You do not need recursion, and as you suggest, and as confirmed by
Dave Clarke's answer, you only need conditionals, loops and memory
allocation and assignment.
You can use it to simulate recursion. Or more simply you can use it to
implement arbitrary Turing machines. Just do it for a universal TM, so
you get to implement only one :)
You can actually almost also do it without loops, but not quite. You
need at least one loop if you expect to have infinite computations,
which is implied by Turing power.
However, it could be an implicit loop that loops back to the beginning
of the program, unless you execute a termination statement.
You can remark that control of a Turing Machine has exactly that: a
single loop applied to a case statement, looking up a transition
table.
If you wonder how abitrary many loops can be encoded into a single loop, is
is very similar to dovetailing techniques use to explore space
according to several indices. Think of indexing all pairs of
natural numbers, with or without upperbounds, with a single integer.

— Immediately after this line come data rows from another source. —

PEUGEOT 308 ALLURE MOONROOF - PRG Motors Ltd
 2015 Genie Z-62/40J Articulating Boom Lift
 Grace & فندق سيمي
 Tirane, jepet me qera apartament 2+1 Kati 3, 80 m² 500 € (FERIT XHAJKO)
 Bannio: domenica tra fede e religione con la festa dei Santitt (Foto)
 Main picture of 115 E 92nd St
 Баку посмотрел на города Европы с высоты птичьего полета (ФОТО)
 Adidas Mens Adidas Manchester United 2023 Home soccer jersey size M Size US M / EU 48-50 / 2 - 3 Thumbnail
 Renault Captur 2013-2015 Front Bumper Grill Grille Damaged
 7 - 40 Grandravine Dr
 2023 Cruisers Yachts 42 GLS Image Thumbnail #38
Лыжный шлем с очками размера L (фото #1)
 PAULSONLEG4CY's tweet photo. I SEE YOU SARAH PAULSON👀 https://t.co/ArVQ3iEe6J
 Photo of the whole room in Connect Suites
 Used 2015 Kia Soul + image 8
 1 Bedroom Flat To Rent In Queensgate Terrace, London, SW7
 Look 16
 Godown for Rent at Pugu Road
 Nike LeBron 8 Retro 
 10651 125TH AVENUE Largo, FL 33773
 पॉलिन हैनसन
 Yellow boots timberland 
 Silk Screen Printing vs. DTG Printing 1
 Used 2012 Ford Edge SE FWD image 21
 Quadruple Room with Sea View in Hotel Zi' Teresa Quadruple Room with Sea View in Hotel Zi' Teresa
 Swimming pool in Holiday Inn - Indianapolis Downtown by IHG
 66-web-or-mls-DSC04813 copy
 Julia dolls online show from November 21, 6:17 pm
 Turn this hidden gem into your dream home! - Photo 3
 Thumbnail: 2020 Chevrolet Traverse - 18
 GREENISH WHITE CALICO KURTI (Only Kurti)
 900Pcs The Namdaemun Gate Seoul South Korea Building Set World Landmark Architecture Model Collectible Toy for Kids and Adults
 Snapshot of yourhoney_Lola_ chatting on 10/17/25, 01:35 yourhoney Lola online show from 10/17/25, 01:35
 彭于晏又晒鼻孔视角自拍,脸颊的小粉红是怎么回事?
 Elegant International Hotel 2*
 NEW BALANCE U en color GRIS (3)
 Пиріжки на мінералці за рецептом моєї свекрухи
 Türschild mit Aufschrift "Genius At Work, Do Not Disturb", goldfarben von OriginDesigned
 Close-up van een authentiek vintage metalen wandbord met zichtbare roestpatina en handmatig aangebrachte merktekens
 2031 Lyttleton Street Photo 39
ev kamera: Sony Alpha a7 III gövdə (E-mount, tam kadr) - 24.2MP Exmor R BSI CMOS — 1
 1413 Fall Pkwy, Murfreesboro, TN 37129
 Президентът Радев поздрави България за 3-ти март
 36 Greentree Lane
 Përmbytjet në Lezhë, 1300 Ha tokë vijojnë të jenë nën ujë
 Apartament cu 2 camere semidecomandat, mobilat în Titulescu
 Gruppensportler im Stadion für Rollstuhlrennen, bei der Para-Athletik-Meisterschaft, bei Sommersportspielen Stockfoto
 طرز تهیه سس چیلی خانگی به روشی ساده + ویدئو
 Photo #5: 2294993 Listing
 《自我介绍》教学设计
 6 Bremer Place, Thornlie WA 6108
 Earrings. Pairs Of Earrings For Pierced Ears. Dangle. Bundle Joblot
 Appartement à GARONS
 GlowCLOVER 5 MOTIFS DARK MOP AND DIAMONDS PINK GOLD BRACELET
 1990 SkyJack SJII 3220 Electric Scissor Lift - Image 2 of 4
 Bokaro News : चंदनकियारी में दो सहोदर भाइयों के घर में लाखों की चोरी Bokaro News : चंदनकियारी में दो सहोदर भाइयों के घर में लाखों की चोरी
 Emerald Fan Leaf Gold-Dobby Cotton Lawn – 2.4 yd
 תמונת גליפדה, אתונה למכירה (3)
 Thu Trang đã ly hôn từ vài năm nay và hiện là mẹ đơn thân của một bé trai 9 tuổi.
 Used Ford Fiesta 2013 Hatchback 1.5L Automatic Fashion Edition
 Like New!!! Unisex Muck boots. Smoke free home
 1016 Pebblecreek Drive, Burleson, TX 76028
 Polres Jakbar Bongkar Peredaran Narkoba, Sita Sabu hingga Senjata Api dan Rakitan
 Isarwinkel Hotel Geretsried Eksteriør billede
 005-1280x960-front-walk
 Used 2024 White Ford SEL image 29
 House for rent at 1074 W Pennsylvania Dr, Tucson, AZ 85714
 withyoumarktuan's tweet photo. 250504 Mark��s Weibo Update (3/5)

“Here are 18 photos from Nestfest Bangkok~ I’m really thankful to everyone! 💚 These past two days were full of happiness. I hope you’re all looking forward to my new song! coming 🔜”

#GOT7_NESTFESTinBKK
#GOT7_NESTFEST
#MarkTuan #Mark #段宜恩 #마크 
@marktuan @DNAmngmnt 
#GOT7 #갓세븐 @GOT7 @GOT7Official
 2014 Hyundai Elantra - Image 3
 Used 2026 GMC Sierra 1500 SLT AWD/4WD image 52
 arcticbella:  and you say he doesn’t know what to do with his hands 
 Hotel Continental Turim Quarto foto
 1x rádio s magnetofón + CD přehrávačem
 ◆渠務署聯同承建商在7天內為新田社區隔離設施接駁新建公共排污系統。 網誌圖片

Added after the question was modified:
If you consider "every problem, that we can solve using recursions",
rather than "any problem", you do not change the question, unless you
are a lot more precise (and restrictive) about what else is available,
and what use of recursion you allow.
But an unrestricted recursion will give you at least one unlimited
loop, which is usually enough to get Turing Power, if you allow
unlimited memory allocation.
Note that there are limited uses of recursion that keep you below
Turing Power, in precise settings. Look for example at primitive
recursive functions.
I understand from your later comment that you made that change, so as to limit the request for solvability to what was already solvable, thus excluding such problems as the halting problem. If that is the intent, it is of course better stated. But, I guess, everyone had instinctively understood it that way, and the change was disconcerting (at least for me).